Bintang di Hari Selasa

Penulis N
Chapter #9

9

Sejak kemunculan Alya, ada sesuatu yang berubah. Tidak besar, tidak gamblang, tapi cukup terasa jika kau memperhatikannya dalam keheningan. Rio masih mengajakku duduk di taman seperti biasa. Tapi kini, ada jeda-jeda dalam percakapan kami—hampa yang tidak bisa kuisi.

"Alya tadi nelpon," kata Rio tiba-tiba sore itu, sambil menyeruput minuman kalengnya. "Dia ngajakin ngumpul bareng temen-temen SMP minggu depan."

Aku mengangguk pelan. "Kamu bakal ikut?"

"Mungkin," jawabnya singkat.

Aku menunduk, memainkan ujung roti tawar yang belum kumakan. "Kamu masih... ada rasa?"

Pertanyaanku membuat Rio terdiam. Lama. Dan aku tahu, apapun jawabannya akan tetap menyisakan luka. Bahkan jika itu kebohongan.

"Alya adalah bagian dari masa lalu, El," katanya akhirnya. "Aku menghargai masa-masa itu. Tapi bukan berarti aku masih terjebak di sana."

"Jawaban yang bagus," aku mencoba tersenyum. "Tapi bukan itu yang kutanyakan."

Rio menatapku, dalam, seolah mencari keberanian dalam mataku. "Kalau kamu ngerasa nggak nyaman, aku bisa nggak dateng."

Aku menggeleng. "Aku bukan siapa-siapamu, Rio. Kamu bebas memutuskan sendiri."

Dia mendesah. "Kamu bukan siapa-siapa? El, kamu tahu betapa pentingnya kamu buat aku sekarang?"

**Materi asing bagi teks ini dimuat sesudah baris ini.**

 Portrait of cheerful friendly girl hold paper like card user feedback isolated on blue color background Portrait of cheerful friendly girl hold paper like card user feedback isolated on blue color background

Hatiku berdesir, tapi mulutku tetap bisu. Aku takut kalimat itu hanya datang karena rasa bersalah. Bukan karena cinta.

Rio memutar badannya, menatapku langsung. "Aku tahu sejak Alya datang, kamu berubah. Kamu jadi banyak diam, menghindar, dan nggak kayak biasanya. Tapi aku pengen kamu tahu—aku di sini, El. Dan aku milih kamu. Bukan Alya, bukan masa lalu. Tapi kamu."

Kata-katanya menampar sisi hatiku yang penuh prasangka.

"Aku cuma takut," aku mengaku lirih. "Takut kamu berubah pikiran. Takut ternyata aku cuma pelarian."

"Kalau kamu pelarian, aku nggak akan bertahan di taman ini, setiap Selasa, hanya buat dengerin kamu cerita soal langit, awan, dan suara jangkrik," katanya sambil tertawa kecil.

Aku menatapnya, dan untuk pertama kalinya dalam beberapa hari terakhir, aku merasa hangat lagi.

Malam itu, di rumah, aku membuka catatan harian yang sudah lama tak kugunakan. Dan aku menulis:

Selasa ini, langit masih biru. Tapi hatiku lebih terang. Mungkin, rasa takut itu memang ada. Tapi kalau berani saling bicara, pelan-pelan semuanya bisa reda.

Hari Selasa berikutnya datang dengan langit berawan, tapi aku merasa jauh lebih ringan dari biasanya. Tak ada lagi beban tak kasatmata yang menggantung di antara aku dan Rio. Kami masih duduk di bangku taman itu, masih menikmati semilir angin, tapi hari ini, segalanya terasa lebih... utuh.

"Aku jadi inget," kata Rio sambil membuka kotak kecil dari dalam tasnya. "Dulu waktu kecil, aku pernah janji sama diriku sendiri, kalau suatu hari aku suka sama seseorang, aku pengen ngasih dia sesuatu yang nggak biasa."

Aku menoleh, penasaran. "Apa itu?"

Dia membuka kotaknya. Di dalamnya, ada gantungan kunci sederhana berbentuk bintang kecil berwarna biru tua.

"Ini... bukan apa-apa sih, cuma iseng waktu aku ikut workshop kerajinan tangan di tempat tanteku. Tapi aku langsung inget kamu pas ngebentuk ini," ucapnya sambil menyodorkannya ke arahku. "Karena kamu suka bintang. Dan hari Selasa, katanya, kamu suka karena langitnya paling cerah."